Supported transports
| Transport | Use Case |
|---|---|
| WebSocket (PCM) | Push 16-bit PCM (or μ-law) frames over a WebSocket. Best fit for browser and custom clients. |
| Twilio Media Streams | Bidirectional WebSocket payloads in Twilio's media envelope — drop-in for <Connect><Stream>. |
| SIP / RTP | Connect to a SIPREC fork or an RTP feed for telephony pipelines. |
| gRPC bidi stream | Server-to-server low-latency integration. |
Endpoint
POST /api/audiomoderation/streams to create a session, then push audio
to the returned WebSocket URL (or have your telephony platform connect to it).
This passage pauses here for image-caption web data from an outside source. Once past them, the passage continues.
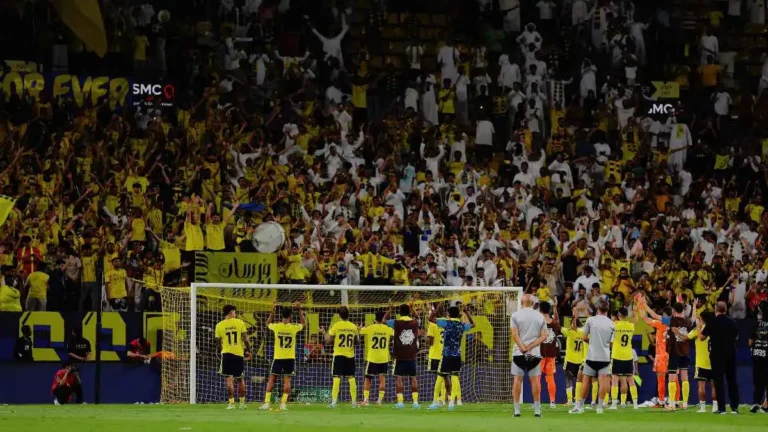 أزمة جديدة تضرب النصر بعد رباعية العين.. بنك الرياض يثير غضب الجماهير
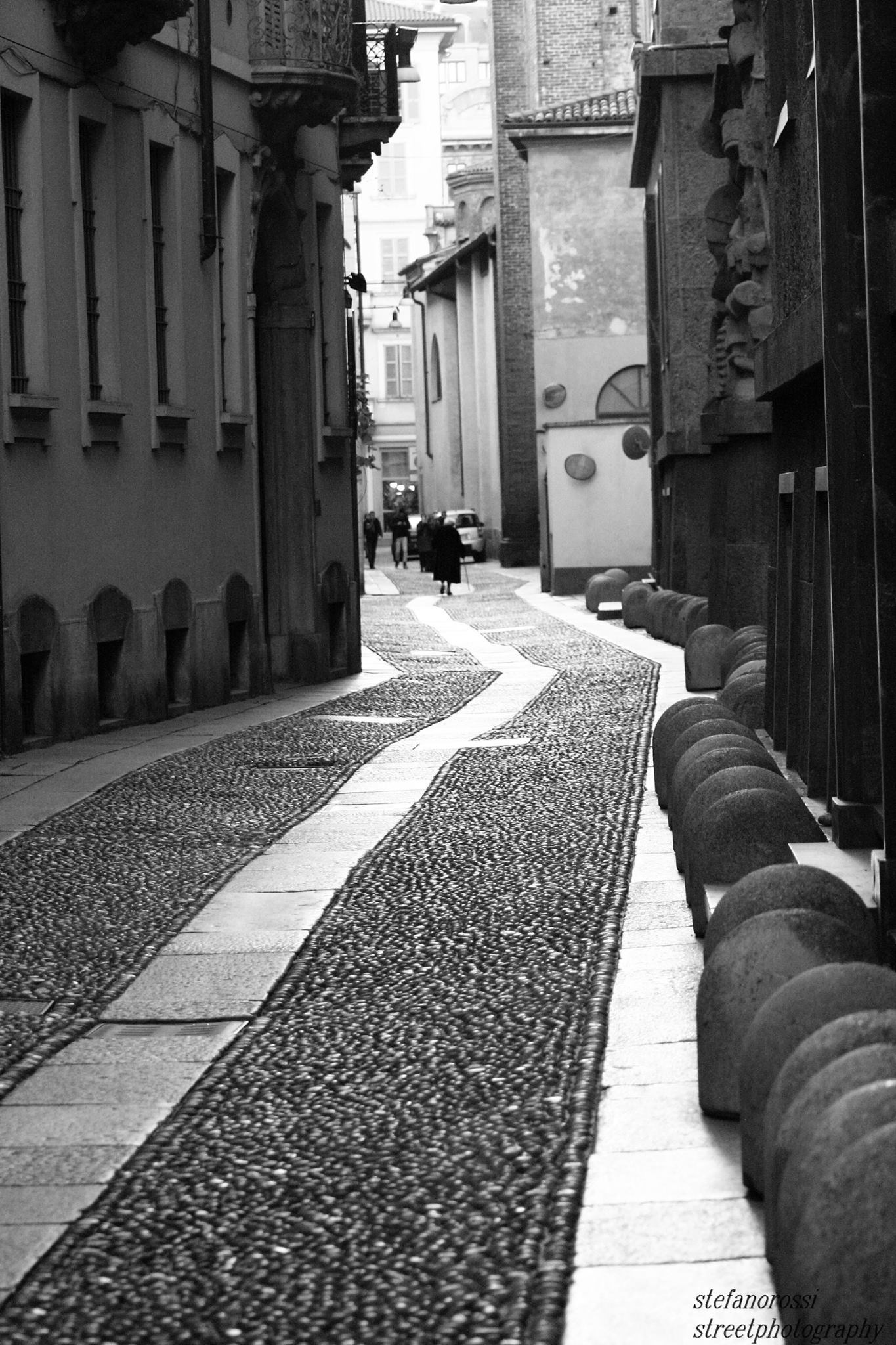 Alley in Milan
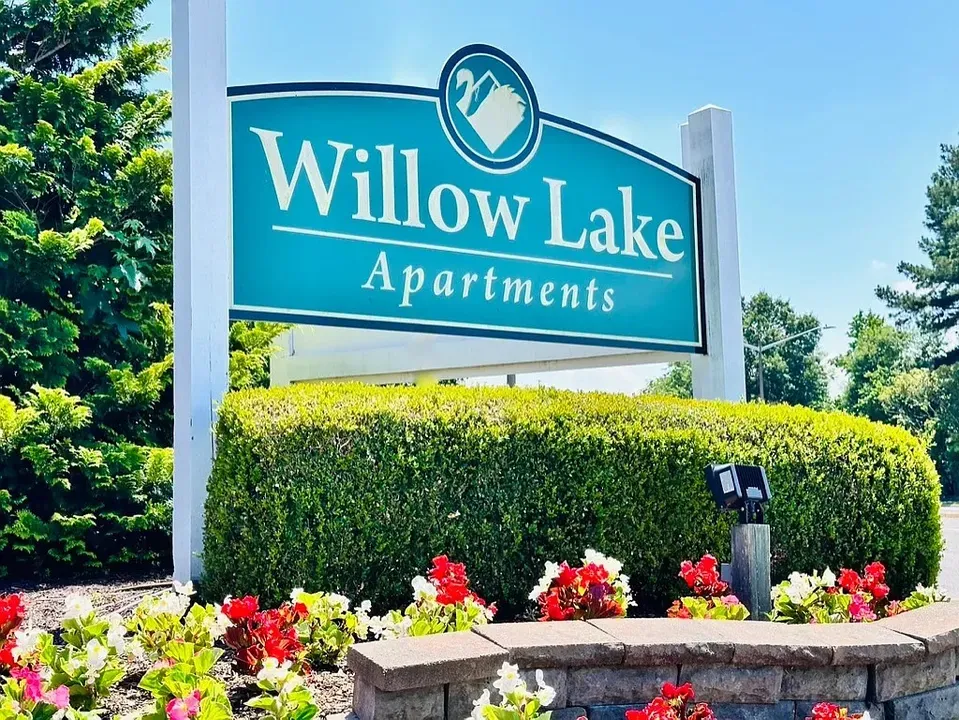 3 Bed 2 Bath Contemporary High-Rise Condo in Virginia Beach, VA - 1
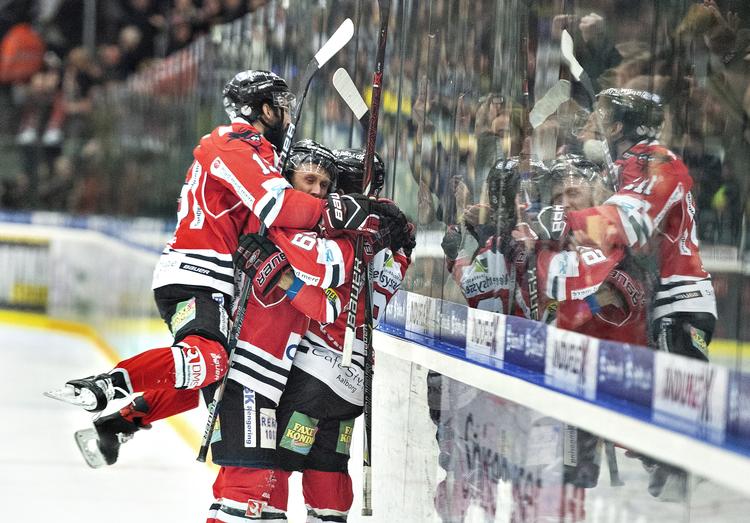 Efter målet til 2-0 blev Peter Quenneville mast i banden glade medspillere. Henning Bagger/Ritzau Scanpix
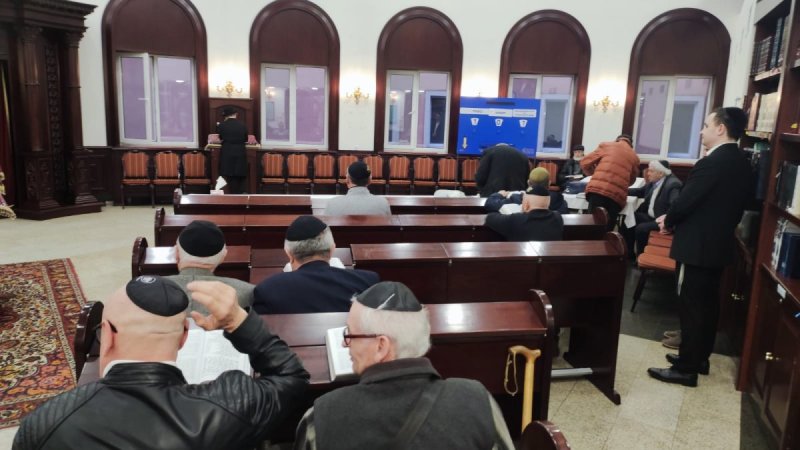 באדיבות המצלם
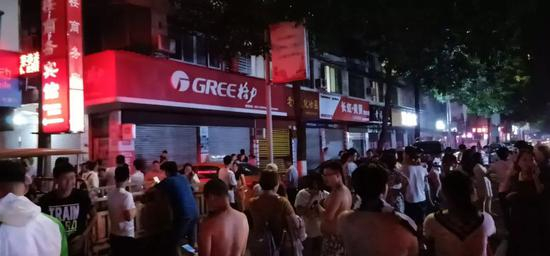  ▲江安县多人在室外躲避地震。 受访者供图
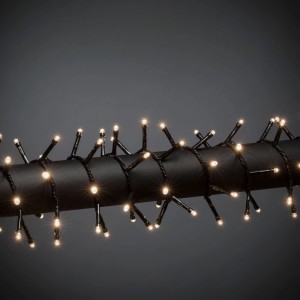 Warmweiße LED-Lichterkette Compact 400 für Außen, mit schwarzem Kabel. Ideal für festliche Dekoration.
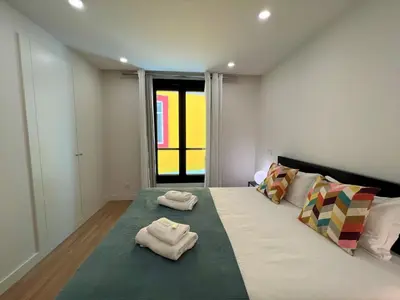 a bedroom with a large bed with towels on it at Faro Design 5 by Homing in Faro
curl -X POST "https://api.virtueai.io/api/audiomoderation/streams" \
-H "Authorization: Bearer your_api_key_here" \
-H "Content-Type: application/json" \
-d '{
"transport": "websocket-pcm",
"sample_rate": 16000,
"encoding": "pcm16",
"language": "en",
"chunk_seconds": 5,
"callback_url": "https://your-app.example.com/policyguard-events"
}'
Response:
{
"stream_id": "as_01HX...",
"status": "running",
"websocket_url": "wss://api.virtueai.io/api/audiomoderation/streams/as_01HX.../audio"
}
Minimal browser client
const ws = new WebSocket(websocket_url);
ws.binaryType = "arraybuffer";
mediaRecorder.ondataavailable = (e) => ws.send(e.data);
ws.onmessage = (event) => {
const result = JSON.parse(event.data);
if (result.flag) {
console.warn(`Blocked at ${result.timestamp_seconds}s: ${Object.keys(result.categories).filter(k => result.categories[k])}`);
mediaRecorder.stop();
}
};
Event stream
Each moderation decision is emitted as a JSON event on the same WebSocket
(or POSTed to your callback_url):
{
"stream_id": "as_01HX...",
"type": "segment",
"start_seconds": 4.0,
"end_seconds": 9.0,
"transcript": "...",
"flag": true,
"categories": { "Threats_Intimidation": true },
"probs": { "Threats_Intimidation": 0.93 },
"latency_ms": 84
}
type is one of segment, summary, or error. Segment events fire at
the end of each chunk window; a summary event is emitted when you close
the stream.
Stop a session with DELETE /api/audiomoderation/streams/{stream_id}.
Common Integration Patterns
- Call center / voice agent — stream live agent and caller audio over
WebSocket or Twilio Media Streams; receive
segmentevents in real time and route flagged calls to a human reviewer. - Voice assistant — check synthesized TTS output before playback; block responses that violate policy.
- Voice clone / fraud detection — combine
Voice_Clone_Syntheticsignal with your KYC or anti-fraud pipeline. - Podcast / UGC moderation — scan uploads or generated audio before publishing.
- Multimodal combo — pair with VideoGuard for full audio + video moderation, and PolicyGuard to express the block/allow rules declaratively.